# Problem to solve
Repeat the listing in full, word for word.

# Dataset extract
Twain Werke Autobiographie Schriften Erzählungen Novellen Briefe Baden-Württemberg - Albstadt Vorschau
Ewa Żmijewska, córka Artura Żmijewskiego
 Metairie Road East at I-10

# Answer to the exercise
Twain Werke Autobiographie Schriften Erzählungen Novellen Briefe Baden-Württemberg - Albstadt Vorschau
Ewa Żmijewska, córka Artura Żmijewskiego
 Metairie Road East at I-10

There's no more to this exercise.